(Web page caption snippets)
= Beginning of Section =

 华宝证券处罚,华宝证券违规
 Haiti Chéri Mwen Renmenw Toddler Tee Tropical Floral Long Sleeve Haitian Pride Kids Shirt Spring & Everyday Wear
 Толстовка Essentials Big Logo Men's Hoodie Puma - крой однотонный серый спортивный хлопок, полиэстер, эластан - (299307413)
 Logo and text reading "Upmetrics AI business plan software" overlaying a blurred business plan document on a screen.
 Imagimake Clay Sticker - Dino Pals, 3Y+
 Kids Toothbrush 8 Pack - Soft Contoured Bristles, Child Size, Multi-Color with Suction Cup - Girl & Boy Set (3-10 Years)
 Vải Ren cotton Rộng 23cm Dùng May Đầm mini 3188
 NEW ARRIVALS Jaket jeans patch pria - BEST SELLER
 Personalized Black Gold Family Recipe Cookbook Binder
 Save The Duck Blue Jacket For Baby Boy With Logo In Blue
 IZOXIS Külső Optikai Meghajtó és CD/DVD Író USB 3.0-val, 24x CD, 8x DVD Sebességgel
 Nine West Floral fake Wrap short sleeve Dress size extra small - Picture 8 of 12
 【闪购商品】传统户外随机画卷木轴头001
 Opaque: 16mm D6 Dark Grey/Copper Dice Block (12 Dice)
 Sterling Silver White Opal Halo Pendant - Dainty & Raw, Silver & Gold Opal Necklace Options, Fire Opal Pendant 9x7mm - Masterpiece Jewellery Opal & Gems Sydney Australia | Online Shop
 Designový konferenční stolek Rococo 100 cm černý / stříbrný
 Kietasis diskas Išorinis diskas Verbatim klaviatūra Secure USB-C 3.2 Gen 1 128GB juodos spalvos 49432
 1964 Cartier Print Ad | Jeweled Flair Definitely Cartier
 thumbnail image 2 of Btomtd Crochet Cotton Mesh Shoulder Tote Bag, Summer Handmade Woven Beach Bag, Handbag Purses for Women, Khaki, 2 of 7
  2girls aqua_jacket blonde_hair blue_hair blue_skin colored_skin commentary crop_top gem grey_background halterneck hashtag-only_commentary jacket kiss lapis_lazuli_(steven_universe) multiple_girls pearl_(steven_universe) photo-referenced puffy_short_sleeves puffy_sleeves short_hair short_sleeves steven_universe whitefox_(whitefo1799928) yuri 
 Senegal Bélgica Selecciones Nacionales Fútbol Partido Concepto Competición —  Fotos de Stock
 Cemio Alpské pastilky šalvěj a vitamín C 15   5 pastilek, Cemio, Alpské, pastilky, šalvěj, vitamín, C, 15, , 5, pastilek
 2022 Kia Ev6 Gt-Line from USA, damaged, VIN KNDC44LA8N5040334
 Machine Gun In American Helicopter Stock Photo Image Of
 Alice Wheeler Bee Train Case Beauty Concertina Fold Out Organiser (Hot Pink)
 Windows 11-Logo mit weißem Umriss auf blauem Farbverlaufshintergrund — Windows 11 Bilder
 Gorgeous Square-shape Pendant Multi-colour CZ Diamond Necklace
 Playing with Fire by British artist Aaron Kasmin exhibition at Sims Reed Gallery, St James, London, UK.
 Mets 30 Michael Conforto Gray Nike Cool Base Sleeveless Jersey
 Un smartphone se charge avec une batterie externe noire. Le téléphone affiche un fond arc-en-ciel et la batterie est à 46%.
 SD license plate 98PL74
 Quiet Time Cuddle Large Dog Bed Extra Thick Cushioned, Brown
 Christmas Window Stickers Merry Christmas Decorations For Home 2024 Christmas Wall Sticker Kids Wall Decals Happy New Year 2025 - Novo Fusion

= End of Section =

Task ▸
Your reply must contain each entry, reproduced exactly.

Response to this task ▸
 华宝证券处罚,华宝证券违规
 Haiti Chéri Mwen Renmenw Toddler Tee Tropical Floral Long Sleeve Haitian Pride Kids Shirt Spring & Everyday Wear
 Толстовка Essentials Big Logo Men's Hoodie Puma - крой однотонный серый спортивный хлопок, полиэстер, эластан - (299307413)
 Logo and text reading "Upmetrics AI business plan software" overlaying a blurred business plan document on a screen.
 Imagimake Clay Sticker - Dino Pals, 3Y+
 Kids Toothbrush 8 Pack - Soft Contoured Bristles, Child Size, Multi-Color with Suction Cup - Girl & Boy Set (3-10 Years)
 Vải Ren cotton Rộng 23cm Dùng May Đầm mini 3188
 NEW ARRIVALS Jaket jeans patch pria - BEST SELLER
 Personalized Black Gold Family Recipe Cookbook Binder
 Save The Duck Blue Jacket For Baby Boy With Logo In Blue
 IZOXIS Külső Optikai Meghajtó és CD/DVD Író USB 3.0-val, 24x CD, 8x DVD Sebességgel
 Nine West Floral fake Wrap short sleeve Dress size extra small - Picture 8 of 12
 【闪购商品】传统户外随机画卷木轴头001
 Opaque: 16mm D6 Dark Grey/Copper Dice Block (12 Dice)
 Sterling Silver White Opal Halo Pendant - Dainty & Raw, Silver & Gold Opal Necklace Options, Fire Opal Pendant 9x7mm - Masterpiece Jewellery Opal & Gems Sydney Australia | Online Shop
 Designový konferenční stolek Rococo 100 cm černý / stříbrný
 Kietasis diskas Išorinis diskas Verbatim klaviatūra Secure USB-C 3.2 Gen 1 128GB juodos spalvos 49432
 1964 Cartier Print Ad | Jeweled Flair Definitely Cartier
 thumbnail image 2 of Btomtd Crochet Cotton Mesh Shoulder Tote Bag, Summer Handmade Woven Beach Bag, Handbag Purses for Women, Khaki, 2 of 7
  2girls aqua_jacket blonde_hair blue_hair blue_skin colored_skin commentary crop_top gem grey_background halterneck hashtag-only_commentary jacket kiss lapis_lazuli_(steven_universe) multiple_girls pearl_(steven_universe) photo-referenced puffy_short_sleeves puffy_sleeves short_hair short_sleeves steven_universe whitefox_(whitefo1799928) yuri 
 Senegal Bélgica Selecciones Nacionales Fútbol Partido Concepto Competición —  Fotos de Stock
 Cemio Alpské pastilky šalvěj a vitamín C 15   5 pastilek, Cemio, Alpské, pastilky, šalvěj, vitamín, C, 15, , 5, pastilek
 2022 Kia Ev6 Gt-Line from USA, damaged, VIN KNDC44LA8N5040334
 Machine Gun In American Helicopter Stock Photo Image Of
 Alice Wheeler Bee Train Case Beauty Concertina Fold Out Organiser (Hot Pink)
 Windows 11-Logo mit weißem Umriss auf blauem Farbverlaufshintergrund — Windows 11 Bilder
 Gorgeous Square-shape Pendant Multi-colour CZ Diamond Necklace
 Playing with Fire by British artist Aaron Kasmin exhibition at Sims Reed Gallery, St James, London, UK.
 Mets 30 Michael Conforto Gray Nike Cool Base Sleeveless Jersey
 Un smartphone se charge avec une batterie externe noire. Le téléphone affiche un fond arc-en-ciel et la batterie est à 46%.
 SD license plate 98PL74
 Quiet Time Cuddle Large Dog Bed Extra Thick Cushioned, Brown
 Christmas Window Stickers Merry Christmas Decorations For Home 2024 Christmas Wall Sticker Kids Wall Decals Happy New Year 2025 - Novo Fusion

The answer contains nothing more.